[Short web captions]
_ _ _ _

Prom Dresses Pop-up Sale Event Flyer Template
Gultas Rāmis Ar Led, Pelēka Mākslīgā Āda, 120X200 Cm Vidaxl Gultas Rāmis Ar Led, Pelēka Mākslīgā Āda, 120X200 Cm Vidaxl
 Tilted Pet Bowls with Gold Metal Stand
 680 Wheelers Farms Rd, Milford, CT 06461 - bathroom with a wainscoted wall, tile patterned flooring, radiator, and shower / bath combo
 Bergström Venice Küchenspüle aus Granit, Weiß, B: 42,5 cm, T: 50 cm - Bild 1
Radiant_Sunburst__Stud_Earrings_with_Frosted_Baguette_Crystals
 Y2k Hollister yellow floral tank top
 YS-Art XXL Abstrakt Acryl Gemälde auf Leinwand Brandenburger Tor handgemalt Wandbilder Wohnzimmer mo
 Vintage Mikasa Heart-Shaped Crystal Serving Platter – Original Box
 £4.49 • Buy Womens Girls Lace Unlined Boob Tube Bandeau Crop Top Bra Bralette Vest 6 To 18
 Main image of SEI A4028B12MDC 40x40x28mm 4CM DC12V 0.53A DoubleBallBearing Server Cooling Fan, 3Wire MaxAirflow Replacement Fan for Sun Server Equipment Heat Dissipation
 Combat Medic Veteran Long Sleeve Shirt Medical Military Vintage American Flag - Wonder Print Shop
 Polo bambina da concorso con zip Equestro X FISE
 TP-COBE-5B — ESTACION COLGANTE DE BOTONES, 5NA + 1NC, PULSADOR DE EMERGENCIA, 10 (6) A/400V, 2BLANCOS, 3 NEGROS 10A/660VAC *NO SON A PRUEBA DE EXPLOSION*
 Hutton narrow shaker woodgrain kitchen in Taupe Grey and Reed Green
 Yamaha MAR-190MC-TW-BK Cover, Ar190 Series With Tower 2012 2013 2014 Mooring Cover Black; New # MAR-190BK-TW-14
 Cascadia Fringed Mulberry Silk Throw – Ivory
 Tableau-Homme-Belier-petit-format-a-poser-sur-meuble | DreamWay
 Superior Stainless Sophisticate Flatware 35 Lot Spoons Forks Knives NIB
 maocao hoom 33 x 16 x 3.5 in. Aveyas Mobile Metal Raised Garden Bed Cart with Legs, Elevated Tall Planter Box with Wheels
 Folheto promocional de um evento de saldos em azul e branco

_ _ _ _

**What to do**: Retype the entries exactly from the first line, stopping after the line with "Vest 6 To 18".

**Written response**:
Prom Dresses Pop-up Sale Event Flyer Template
Gultas Rāmis Ar Led, Pelēka Mākslīgā Āda, 120X200 Cm Vidaxl Gultas Rāmis Ar Led, Pelēka Mākslīgā Āda, 120X200 Cm Vidaxl
 Tilted Pet Bowls with Gold Metal Stand
 680 Wheelers Farms Rd, Milford, CT 06461 - bathroom with a wainscoted wall, tile patterned flooring, radiator, and shower / bath combo
 Bergström Venice Küchenspüle aus Granit, Weiß, B: 42,5 cm, T: 50 cm - Bild 1
Radiant_Sunburst__Stud_Earrings_with_Frosted_Baguette_Crystals
 Y2k Hollister yellow floral tank top
 YS-Art XXL Abstrakt Acryl Gemälde auf Leinwand Brandenburger Tor handgemalt Wandbilder Wohnzimmer mo
 Vintage Mikasa Heart-Shaped Crystal Serving Platter – Original Box
 £4.49 • Buy Womens Girls Lace Unlined Boob Tube Bandeau Crop Top Bra Bralette Vest 6 To 18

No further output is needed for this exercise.